In this blog post, I will share my experiences using ClearML, which is one of the most popular MLOps tools. I will discuss the features which we found to be useful at my current company, as well as some of the limitations we ran into. I hope this will help guide others when choosing an MLOps tool for their team.
What is ClearML?#
ClearML is a popular end-to-end MLOps tool that covers the whole ML pipeline within a single open-source platform. It offers a suite of tools to manage datasets, experiments, and models, and also track them all in a unified web interface. There are some other tools in this space, and I have put a brief comparison of the other popular ones below. Compared to the other options, ClearML is a more heavyweight tool, although not quite as popular.

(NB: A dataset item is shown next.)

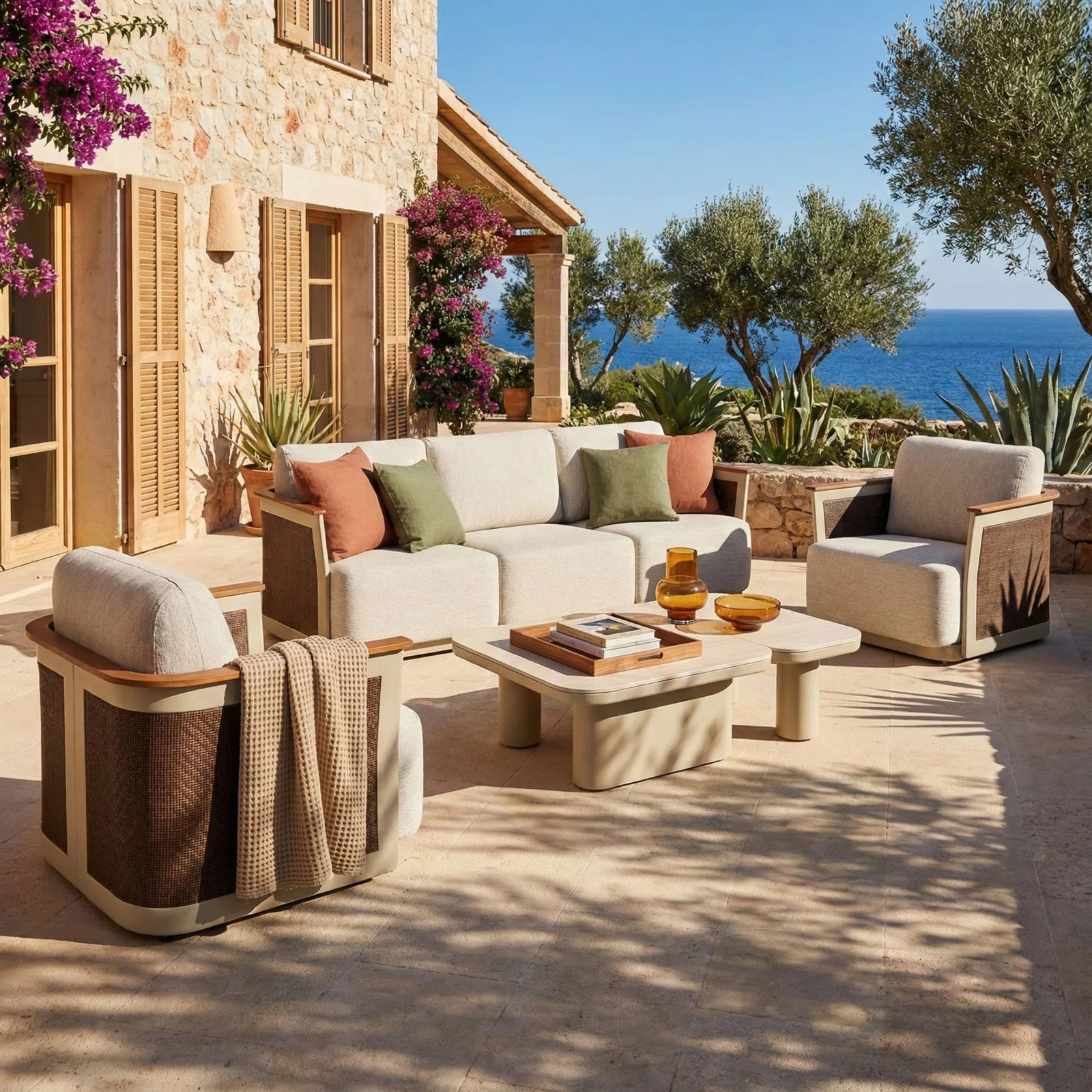Transform your outdoor space into a stylish and comfortable retreat with our remarkable outdoor f... | AllModern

ClearML | MLflow | Weights and Biases | |
---|---|---|---|
Open-source | :white_check_mark: | :white_check_mark: | :white_check_mark: |
Self-host | :white_check_mark: | :white_check_mark: | :white_check_mark: |
Cloud-hosted | :white_check_mark: | :x: | :white_check_mark: |
Dataset management | :white_check_mark: | :x: | :x: |
Experiment tracking | :white_check_mark: | :white_check_mark: | :white_check_mark: |
Model registry | :white_check_mark: | :white_check_mark: | :x: |
Model deployment | :white_check_mark: | :white_check_mark: | :x: |
Why did we choose ClearML?#
Flexible experiment tracking#
One of the major strengths of ClearML is that it is quite generic, making it suitable for a wide range of ML applications. ClearML allows users to record custom metadata, log live metrics and store plots and other rich data in the results.

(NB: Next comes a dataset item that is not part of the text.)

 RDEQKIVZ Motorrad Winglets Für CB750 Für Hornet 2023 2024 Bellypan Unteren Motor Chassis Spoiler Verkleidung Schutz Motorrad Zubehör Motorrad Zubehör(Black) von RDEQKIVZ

For example, at my company, we used ClearML for the classical use-case of training models implemented in JAX, where we tracked hyperparameters, and recorded the trained parameters and other metrics. However, we also needed to run computationally intensive simulations with these models. In this case, we used ClearML to record settings for the simulations, and track the progress so we could monitor the results in real-time. ClearML was able to support both use-cases very well.
Run experiments anywhere#
ClearML experiments can run on any machine where you can run the agent. We initially used ClearML to track experiments run locally on our machines. Once the number of models we needed to maintain increased, we then built the capability to run experiments in the cloud.

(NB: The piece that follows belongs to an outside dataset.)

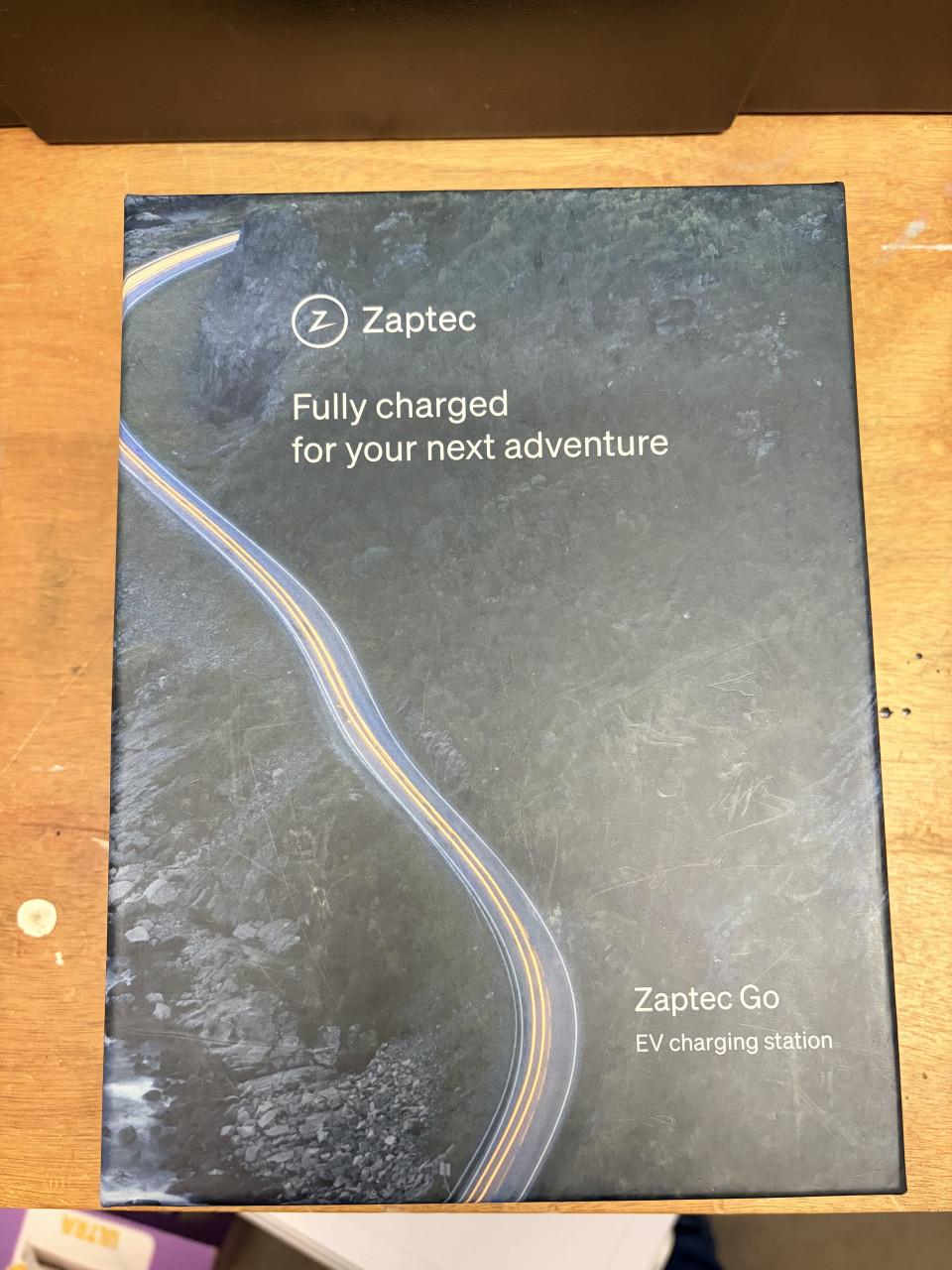 Zaptec Go 22kW Laadpaal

The value of tracking local experiments is often underestimated during the model development process, but it allowed us to collaborate more easily and isolate performance regressions. Being able to train models in the cloud then allowed us to iterate more quickly, but tracking experiments locally was still a big step forward 1.
Vibrant community#
ClearML offers comprehensive and well-structured documentation, particularly for the most-used APIs. It was easy for us to find the information we needed to get started and make the most out of the platform.
Additionally, ClearML has an active community on Slack, providing a platform for users to seek support, share ideas, and collaborate with other users. Whenever we ran into issues or found bugs, we found that the ClearML team and wider community was quick to respond.
Batteries included#
Unlike some other tools such as Weights and Biases, ClearML goes beyond just experiment tracking, and includes features for dataset management, orchestration and even deployment. This allows you to have a centralised platform for the whole ML pipeline, without having to integrate additional tools such as using DVC to version datasets or KServe for deployment, which could be seen as introducing additional complexity.
Whether this is seen as positive or negative will likely depend on your use case. However, if you need the full set of capabilities offered by ClearML and have a small team, it is much quicker to get up and running with a single tool.
Affordable pricing for small teams#
One of the main reasons we chose ClearML was that it offers a Community Edition which allows users to self-host on their own infrastructure. This allows us to keep all of the data in-house and reduce the running costs significantly, which is obviously a significant advantage for a start-up.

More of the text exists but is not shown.